§ Your goal
Show all lines from the records below in which the string "Single" is present.

§ Input for this task
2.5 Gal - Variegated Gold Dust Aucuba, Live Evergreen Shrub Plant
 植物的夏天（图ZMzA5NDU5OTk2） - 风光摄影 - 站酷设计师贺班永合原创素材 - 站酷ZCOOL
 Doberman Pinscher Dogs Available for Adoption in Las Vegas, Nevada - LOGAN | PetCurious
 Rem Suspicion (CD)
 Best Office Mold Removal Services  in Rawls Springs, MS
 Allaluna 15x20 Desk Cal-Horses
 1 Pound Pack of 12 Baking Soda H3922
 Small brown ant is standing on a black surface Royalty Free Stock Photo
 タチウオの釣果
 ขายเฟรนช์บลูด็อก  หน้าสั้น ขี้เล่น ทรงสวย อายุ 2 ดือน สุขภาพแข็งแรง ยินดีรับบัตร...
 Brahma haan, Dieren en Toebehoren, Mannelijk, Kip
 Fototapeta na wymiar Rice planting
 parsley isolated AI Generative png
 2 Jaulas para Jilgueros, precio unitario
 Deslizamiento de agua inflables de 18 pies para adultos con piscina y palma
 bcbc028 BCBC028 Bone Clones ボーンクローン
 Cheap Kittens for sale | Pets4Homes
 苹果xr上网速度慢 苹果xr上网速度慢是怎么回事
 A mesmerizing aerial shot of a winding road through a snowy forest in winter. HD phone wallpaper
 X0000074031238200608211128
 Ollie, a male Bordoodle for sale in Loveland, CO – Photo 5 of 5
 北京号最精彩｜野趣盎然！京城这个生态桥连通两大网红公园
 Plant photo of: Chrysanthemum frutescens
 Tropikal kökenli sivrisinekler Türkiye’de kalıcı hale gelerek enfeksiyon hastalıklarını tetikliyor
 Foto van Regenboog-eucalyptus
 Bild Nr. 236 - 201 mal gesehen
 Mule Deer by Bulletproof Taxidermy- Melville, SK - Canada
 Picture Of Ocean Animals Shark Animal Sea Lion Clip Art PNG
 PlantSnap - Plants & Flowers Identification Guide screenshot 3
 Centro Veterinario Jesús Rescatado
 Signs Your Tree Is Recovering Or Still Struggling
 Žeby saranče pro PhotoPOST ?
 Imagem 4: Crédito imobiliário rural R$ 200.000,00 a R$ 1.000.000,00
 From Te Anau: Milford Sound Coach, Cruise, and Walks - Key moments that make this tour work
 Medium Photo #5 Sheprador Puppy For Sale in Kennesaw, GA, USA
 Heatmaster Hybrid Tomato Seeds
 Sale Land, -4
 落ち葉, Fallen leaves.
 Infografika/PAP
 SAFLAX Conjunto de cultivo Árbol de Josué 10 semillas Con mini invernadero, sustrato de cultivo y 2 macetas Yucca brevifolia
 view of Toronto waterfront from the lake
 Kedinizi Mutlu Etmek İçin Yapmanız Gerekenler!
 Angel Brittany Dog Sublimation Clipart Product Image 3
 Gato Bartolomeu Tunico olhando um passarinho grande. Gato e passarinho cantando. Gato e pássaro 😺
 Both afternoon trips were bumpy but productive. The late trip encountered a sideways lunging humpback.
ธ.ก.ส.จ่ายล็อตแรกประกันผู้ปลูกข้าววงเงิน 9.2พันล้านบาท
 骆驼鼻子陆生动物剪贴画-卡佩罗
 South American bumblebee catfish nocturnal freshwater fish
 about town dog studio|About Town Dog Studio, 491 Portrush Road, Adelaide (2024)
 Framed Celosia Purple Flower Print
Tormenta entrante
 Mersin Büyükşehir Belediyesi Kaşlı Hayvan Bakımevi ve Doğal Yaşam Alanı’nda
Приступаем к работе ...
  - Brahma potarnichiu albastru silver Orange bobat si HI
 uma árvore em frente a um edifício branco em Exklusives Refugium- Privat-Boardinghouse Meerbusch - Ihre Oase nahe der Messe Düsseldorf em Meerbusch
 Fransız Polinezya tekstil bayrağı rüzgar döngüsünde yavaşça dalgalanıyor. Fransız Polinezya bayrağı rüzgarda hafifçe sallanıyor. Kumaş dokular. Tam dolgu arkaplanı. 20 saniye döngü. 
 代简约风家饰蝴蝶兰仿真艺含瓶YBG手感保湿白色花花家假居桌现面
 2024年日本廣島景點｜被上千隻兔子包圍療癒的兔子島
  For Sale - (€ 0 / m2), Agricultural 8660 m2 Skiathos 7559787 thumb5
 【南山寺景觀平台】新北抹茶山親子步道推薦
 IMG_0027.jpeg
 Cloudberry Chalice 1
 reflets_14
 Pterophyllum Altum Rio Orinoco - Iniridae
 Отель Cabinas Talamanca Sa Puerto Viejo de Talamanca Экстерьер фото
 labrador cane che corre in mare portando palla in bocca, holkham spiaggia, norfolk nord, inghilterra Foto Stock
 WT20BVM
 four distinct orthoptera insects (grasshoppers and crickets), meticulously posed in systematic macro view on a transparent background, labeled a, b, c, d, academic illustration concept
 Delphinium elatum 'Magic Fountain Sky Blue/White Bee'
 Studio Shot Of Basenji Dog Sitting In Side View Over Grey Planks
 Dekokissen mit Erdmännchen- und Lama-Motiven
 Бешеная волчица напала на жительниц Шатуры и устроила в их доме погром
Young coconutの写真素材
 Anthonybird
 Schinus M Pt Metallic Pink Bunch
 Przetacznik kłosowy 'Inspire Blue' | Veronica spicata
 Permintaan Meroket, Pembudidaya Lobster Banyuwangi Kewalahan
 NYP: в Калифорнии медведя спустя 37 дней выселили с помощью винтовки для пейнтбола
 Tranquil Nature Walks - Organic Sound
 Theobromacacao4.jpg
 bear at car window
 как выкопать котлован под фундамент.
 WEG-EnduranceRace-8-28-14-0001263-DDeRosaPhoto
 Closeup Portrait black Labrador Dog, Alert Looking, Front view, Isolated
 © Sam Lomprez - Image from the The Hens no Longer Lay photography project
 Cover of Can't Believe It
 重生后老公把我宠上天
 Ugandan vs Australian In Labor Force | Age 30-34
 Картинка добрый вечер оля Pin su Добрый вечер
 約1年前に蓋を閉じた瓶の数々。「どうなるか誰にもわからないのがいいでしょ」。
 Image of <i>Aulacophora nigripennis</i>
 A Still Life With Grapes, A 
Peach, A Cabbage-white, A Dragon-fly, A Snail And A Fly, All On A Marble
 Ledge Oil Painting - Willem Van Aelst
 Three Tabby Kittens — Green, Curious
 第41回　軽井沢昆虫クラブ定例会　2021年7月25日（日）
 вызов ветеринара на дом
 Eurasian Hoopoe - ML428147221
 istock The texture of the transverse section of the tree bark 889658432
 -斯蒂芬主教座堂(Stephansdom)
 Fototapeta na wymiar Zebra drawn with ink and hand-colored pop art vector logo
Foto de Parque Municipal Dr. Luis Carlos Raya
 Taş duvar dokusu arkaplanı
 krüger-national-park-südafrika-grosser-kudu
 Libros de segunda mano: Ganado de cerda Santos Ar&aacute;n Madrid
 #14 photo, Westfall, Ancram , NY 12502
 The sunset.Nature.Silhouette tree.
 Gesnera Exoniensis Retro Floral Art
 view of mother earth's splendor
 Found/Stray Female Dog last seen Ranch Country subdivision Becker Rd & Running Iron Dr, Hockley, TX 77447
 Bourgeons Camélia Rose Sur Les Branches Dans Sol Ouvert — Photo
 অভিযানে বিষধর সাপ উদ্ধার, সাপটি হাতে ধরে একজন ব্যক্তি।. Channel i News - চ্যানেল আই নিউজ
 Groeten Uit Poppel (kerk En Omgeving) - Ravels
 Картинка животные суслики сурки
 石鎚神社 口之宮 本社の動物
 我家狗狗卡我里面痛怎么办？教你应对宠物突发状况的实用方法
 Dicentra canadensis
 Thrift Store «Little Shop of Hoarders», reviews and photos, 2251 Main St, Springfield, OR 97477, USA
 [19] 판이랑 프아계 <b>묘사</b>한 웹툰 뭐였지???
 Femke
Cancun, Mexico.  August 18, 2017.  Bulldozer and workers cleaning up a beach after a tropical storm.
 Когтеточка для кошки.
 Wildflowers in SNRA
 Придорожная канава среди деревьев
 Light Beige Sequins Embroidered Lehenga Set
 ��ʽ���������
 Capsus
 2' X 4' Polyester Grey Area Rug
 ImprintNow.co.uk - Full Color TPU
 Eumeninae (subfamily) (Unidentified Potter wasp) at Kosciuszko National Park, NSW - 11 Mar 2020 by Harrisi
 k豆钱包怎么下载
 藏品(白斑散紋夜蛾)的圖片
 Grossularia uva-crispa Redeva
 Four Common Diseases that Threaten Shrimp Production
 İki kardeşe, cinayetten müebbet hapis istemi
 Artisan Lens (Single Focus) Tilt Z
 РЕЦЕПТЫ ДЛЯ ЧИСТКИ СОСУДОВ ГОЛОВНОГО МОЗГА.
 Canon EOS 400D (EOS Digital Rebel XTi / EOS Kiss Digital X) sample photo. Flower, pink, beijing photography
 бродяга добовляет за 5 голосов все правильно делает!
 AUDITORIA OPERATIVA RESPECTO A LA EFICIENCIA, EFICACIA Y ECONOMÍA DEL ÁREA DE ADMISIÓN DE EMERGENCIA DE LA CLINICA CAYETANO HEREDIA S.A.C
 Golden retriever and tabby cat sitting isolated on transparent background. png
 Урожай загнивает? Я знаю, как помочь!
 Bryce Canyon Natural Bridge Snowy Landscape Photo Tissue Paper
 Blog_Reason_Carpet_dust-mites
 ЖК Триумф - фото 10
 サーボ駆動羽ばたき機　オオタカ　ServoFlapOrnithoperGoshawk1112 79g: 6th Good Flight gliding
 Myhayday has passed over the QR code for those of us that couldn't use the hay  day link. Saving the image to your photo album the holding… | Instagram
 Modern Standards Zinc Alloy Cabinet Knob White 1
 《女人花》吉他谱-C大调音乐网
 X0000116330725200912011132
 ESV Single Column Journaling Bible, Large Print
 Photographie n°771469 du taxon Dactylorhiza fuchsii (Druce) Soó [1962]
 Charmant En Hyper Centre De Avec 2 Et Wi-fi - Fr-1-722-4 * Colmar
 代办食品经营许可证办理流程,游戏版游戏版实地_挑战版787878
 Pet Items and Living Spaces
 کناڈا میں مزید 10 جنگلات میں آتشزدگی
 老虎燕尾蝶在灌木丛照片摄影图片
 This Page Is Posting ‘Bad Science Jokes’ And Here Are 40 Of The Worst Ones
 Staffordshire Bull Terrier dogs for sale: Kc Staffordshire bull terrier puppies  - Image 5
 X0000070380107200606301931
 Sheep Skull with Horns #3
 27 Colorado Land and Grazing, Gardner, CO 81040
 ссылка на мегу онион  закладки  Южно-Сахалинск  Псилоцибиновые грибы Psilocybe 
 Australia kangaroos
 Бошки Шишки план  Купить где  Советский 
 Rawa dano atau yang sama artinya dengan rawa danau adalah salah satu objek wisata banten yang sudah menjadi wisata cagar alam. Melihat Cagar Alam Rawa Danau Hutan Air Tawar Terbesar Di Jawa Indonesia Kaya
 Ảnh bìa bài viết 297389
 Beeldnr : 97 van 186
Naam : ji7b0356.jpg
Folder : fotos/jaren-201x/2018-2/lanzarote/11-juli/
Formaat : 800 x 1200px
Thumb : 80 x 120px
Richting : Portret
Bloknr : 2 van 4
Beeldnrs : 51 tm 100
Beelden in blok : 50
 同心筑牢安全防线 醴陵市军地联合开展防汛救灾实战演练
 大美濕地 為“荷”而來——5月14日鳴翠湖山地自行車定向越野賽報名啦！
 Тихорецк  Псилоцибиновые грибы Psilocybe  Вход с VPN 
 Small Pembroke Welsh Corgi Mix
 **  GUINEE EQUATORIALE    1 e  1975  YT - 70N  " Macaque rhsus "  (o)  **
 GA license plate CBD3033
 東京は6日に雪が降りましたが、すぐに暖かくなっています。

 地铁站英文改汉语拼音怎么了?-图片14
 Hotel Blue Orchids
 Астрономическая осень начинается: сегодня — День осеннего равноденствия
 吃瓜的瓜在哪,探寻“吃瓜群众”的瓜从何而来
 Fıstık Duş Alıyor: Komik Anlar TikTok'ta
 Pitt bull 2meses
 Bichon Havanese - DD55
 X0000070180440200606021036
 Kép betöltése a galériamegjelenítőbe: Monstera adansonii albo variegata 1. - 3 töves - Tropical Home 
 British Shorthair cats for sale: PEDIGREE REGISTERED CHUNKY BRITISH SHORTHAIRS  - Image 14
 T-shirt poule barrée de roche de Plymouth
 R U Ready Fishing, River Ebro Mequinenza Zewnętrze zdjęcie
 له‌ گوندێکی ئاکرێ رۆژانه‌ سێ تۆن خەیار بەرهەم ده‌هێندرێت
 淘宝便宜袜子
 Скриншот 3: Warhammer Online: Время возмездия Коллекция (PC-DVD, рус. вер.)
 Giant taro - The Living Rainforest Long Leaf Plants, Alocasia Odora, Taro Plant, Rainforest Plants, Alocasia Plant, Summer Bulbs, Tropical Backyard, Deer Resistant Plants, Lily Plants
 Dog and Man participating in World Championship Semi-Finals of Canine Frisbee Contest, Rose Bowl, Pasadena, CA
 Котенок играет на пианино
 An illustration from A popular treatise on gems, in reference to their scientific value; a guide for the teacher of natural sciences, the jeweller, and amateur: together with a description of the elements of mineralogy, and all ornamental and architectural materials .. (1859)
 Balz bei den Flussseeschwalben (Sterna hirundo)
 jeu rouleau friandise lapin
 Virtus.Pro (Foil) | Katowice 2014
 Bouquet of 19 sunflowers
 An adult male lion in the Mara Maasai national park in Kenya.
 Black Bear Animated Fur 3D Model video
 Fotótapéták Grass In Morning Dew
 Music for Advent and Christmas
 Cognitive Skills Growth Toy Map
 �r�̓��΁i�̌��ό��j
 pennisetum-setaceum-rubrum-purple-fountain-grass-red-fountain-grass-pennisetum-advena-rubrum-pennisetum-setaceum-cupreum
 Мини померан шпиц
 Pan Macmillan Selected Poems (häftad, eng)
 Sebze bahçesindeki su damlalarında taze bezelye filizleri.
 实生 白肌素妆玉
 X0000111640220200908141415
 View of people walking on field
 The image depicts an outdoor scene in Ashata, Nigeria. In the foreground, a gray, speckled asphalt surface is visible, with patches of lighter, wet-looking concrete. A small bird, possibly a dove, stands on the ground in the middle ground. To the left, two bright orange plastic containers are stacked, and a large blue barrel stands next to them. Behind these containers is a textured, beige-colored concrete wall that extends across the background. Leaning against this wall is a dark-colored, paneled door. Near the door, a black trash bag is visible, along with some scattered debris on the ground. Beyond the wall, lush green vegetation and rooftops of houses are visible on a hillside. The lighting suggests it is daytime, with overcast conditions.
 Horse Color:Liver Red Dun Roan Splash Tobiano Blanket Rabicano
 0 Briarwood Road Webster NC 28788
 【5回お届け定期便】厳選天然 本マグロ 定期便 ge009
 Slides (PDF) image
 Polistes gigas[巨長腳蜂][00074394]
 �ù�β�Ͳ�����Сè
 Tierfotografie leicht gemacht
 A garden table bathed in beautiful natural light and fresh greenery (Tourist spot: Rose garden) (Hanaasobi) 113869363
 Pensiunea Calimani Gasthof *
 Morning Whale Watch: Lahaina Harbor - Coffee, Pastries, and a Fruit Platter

§ Your solution
 Artisan Lens (Single Focus) Tilt Z
 ESV Single Column Journaling Bible, Large Print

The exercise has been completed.